Avoid portrait orientation

Use case:

Flag an error if the document is in portrait orientation.

Something similar can be achieved with the built-in rule for document size, but the built-in rule requires an accurate document size to be known ahead. If the document size is not always the same, or can be variable, this rule will catch portrait orientation, independent of the actual page size.

Workflow rule code:

com.rorohiko.indesign.yeshore.portrait

Parameters:

None


Avoid landscape orientation

Use case:

Flag an error if the document is in landscape orientation.

Something similar can be achieved with the built-in rule for document size, but the built-in rule requires an accurate document size to be known
ahead. If the document size is not always the same, or can be variable, this rule will catch landscape orientation, independent of the actual page size.

Rule code:

com.rorohiko.indesign.yeshore.landscape

Parameters:

None


Avoid up- or downscaled images

Use case:

Check for scaled graphics, not at 100%. In many workflows, scaled graphics are processed through Photoshop instead of letting InDesign handle the scaling – this allows the use of various filters and unsharp mask after the scaling.

The parameter is a percentage that defines how far from 100% is still acceptable (e.g. a setting of 20 means: scaled somewhere 100 +/- 20 – between 80% and 120% scaling is allowed)

Rule code:

com.rorohiko.indesign.yeshore.scaledgraphic

Parameters:

kPRiRuleScaledGraphic0VarianceParameter (number)


Make sure there’s enough separation between page items

Use case:

Make sure page items either have sufficient overlap, or don’t overlap at all and respect a certain minimum distance.

You might want to use this for things like a photo-grid, where the various picture frames need some minimum distance between them.

The first parameter is a minimum overlap, the second parameter is a minimum distance between frames. Any two frames should either overlap by at least the minimum overlap, or else they should be separated by at least the minimum distance.

Rule code:

com.rorohiko.indesign.yeshore.mindistance

Parameters:

kPRiRuleMinDistance0MinDistance (number)
kPRiRuleMinDistance1MinOverlap (number)


Keeping to a set of agreed fonts

Use case:

Verify used fonts against a list of allowed or rejected fonts. The list is a comma-separated list of wildcard strings – so a list like

Times*, Comic*

will match any font whose name starts with either ‘Times’ or ‘Comic’.

A list like

*Italic, *Bold

will match any font whose name ends in either ‘Italic’ or ‘Bold’
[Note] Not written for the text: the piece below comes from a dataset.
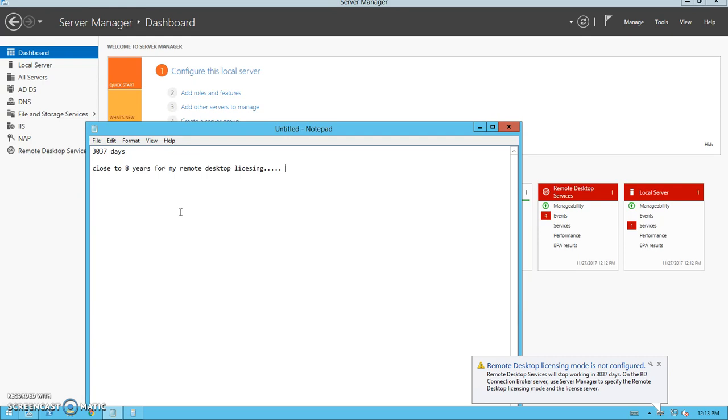It pops up again as you can see, 3037 days on the connection brokers. It will stop after 3,037 days, which is an ample amount of time for anyone to do a number of things without paying or without gaining any licenses with Microsoft, which is a very big saving.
When both lists are used, the ‘include’ list takes precedence – so if a font matches both the include and rejected list, it is allowed. If you set the included list to

*Bold Italic

and the rejected list to

*Italic

then a bold italic font will be accepted.

Entries in the lists are not case-sensitive, and spaces, dashes and underlines are ignored when matching font names – so a font name like “Times-Bold” will match a pattern like “timesbold”

Rule code:

com.rorohiko.indesign.yeshore.fontlist

Parameters:

kPRiRuleFontList0Include (Allowed fonts. Comma-separated font wildcard expressions)
kPRiRuleFontList1Omit (Allowed fonts. Comma-separated font wildcard expressions)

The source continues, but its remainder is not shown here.